[Exercise data — start]

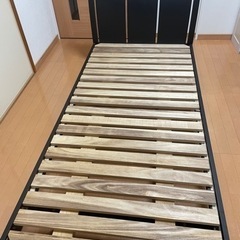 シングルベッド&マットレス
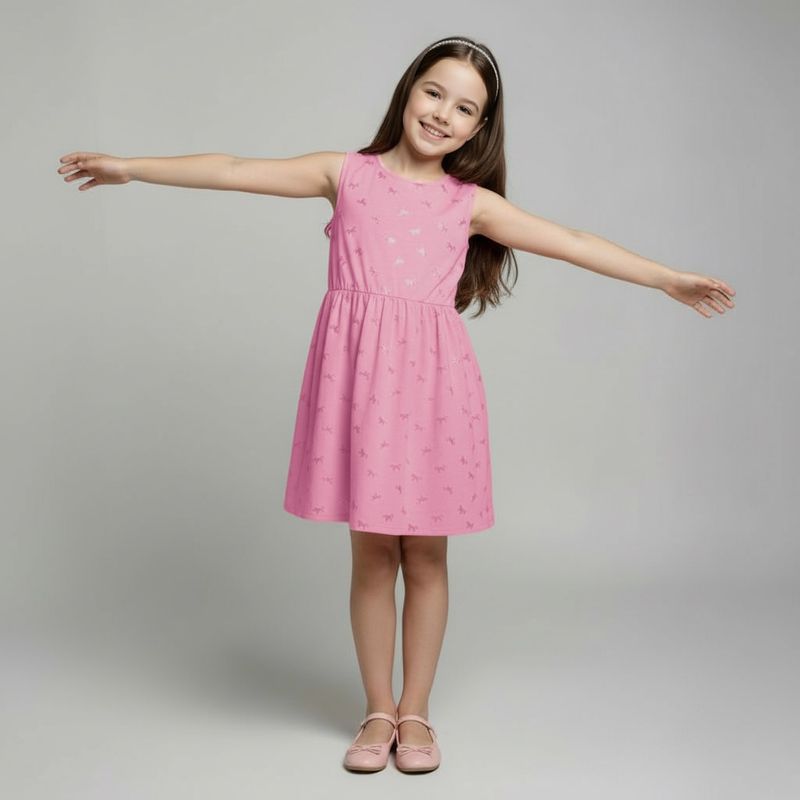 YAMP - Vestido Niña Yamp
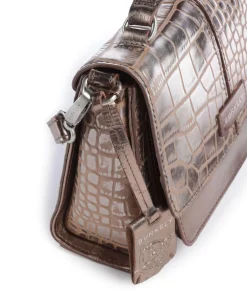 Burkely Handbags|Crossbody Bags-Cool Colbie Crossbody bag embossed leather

[Exercise data — finish]

### Problem statement:
Reproduce the data verbatim. Do not carry any picture into the copy.

### Response to the exercise:
 シングルベッド&マットレス
 YAMP - Vestido Niña Yamp
 Burkely Handbags|Crossbody Bags-Cool Colbie Crossbody bag embossed leather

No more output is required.